From the listing below, set down exactly the lines between the one holding "The Benefits of" and the one holding "Buy Sany SY215ACE Used Excavator / 1", inclusive. No other line is wanted.
═══ The data ═══
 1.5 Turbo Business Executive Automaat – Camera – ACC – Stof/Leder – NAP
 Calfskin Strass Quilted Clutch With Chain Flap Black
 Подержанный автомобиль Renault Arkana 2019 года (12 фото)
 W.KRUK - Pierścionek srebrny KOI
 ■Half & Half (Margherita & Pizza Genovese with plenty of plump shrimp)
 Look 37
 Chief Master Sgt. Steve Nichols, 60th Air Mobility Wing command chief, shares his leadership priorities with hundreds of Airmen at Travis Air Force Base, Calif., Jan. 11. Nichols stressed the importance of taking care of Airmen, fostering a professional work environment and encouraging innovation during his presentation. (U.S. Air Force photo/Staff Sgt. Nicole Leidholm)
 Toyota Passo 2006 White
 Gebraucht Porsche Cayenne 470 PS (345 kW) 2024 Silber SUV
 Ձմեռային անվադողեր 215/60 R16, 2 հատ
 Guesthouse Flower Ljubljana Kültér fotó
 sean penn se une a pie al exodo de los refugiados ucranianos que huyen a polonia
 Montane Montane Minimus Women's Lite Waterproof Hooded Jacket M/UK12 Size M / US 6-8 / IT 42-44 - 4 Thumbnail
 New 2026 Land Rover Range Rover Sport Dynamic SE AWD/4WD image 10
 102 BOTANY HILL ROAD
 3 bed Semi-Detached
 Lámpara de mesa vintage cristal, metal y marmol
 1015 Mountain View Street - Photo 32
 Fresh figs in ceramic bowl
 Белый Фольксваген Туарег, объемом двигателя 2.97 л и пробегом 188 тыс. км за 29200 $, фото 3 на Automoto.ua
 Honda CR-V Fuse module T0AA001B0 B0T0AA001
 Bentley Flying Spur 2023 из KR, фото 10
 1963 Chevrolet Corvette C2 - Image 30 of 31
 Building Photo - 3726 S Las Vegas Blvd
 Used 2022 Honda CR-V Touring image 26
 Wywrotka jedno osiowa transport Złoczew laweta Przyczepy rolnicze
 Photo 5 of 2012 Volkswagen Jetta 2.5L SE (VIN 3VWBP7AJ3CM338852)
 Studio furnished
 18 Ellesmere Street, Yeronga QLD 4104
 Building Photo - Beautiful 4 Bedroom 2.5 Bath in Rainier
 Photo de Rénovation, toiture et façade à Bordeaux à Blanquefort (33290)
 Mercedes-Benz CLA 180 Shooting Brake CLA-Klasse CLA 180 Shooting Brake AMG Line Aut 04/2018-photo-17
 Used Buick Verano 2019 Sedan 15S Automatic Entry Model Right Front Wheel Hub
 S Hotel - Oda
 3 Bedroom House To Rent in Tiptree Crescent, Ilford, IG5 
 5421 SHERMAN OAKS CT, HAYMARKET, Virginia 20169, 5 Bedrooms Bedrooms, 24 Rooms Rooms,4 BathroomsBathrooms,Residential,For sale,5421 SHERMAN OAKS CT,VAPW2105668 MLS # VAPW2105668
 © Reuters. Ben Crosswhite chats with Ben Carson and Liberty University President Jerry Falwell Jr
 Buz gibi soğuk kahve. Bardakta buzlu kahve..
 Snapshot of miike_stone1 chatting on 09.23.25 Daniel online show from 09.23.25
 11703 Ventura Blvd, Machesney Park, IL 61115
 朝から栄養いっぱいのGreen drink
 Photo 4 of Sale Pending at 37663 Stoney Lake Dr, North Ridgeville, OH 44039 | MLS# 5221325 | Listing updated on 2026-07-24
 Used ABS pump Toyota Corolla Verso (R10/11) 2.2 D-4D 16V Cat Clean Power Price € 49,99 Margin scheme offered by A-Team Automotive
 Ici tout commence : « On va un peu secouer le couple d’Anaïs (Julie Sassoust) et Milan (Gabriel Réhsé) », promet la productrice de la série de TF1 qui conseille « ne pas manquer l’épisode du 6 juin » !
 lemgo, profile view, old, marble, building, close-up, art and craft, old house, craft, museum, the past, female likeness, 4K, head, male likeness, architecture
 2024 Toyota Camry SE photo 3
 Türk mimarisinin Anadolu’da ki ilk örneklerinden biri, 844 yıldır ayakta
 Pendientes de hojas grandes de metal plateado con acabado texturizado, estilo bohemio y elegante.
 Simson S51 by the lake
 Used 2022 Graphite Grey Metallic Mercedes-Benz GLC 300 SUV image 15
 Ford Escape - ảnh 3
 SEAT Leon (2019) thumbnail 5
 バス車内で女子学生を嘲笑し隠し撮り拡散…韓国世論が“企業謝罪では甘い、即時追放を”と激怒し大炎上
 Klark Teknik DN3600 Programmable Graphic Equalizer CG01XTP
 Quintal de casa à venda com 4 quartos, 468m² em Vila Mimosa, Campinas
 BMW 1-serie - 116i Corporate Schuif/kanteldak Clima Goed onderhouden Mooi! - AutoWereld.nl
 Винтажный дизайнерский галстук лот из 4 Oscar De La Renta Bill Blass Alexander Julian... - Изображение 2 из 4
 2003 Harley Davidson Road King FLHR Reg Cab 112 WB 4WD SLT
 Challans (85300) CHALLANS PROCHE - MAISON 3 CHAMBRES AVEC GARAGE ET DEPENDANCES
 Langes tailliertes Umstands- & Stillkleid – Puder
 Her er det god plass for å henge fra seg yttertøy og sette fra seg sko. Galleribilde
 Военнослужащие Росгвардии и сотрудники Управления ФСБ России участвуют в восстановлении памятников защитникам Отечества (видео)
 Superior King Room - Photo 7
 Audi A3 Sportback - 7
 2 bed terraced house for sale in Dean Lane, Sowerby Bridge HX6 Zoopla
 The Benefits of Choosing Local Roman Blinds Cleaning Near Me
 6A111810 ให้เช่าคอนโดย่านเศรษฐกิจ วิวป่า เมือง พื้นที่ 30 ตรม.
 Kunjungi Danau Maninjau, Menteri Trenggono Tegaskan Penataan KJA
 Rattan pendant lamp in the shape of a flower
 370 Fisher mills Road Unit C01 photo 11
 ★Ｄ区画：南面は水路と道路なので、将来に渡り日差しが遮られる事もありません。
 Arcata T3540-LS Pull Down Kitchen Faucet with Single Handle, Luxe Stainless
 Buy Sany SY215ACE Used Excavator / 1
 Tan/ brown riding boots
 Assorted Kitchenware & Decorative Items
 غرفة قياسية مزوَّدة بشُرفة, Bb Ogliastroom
═══
→ **Exercise answer**:
 The Benefits of Choosing Local Roman Blinds Cleaning Near Me
 6A111810 ให้เช่าคอนโดย่านเศรษฐกิจ วิวป่า เมือง พื้นที่ 30 ตรม.
 Kunjungi Danau Maninjau, Menteri Trenggono Tegaskan Penataan KJA
 Rattan pendant lamp in the shape of a flower
 370 Fisher mills Road Unit C01 photo 11
 ★Ｄ区画：南面は水路と道路なので、将来に渡り日差しが遮られる事もありません。
 Arcata T3540-LS Pull Down Kitchen Faucet with Single Handle, Luxe Stainless
 Buy Sany SY215ACE Used Excavator / 1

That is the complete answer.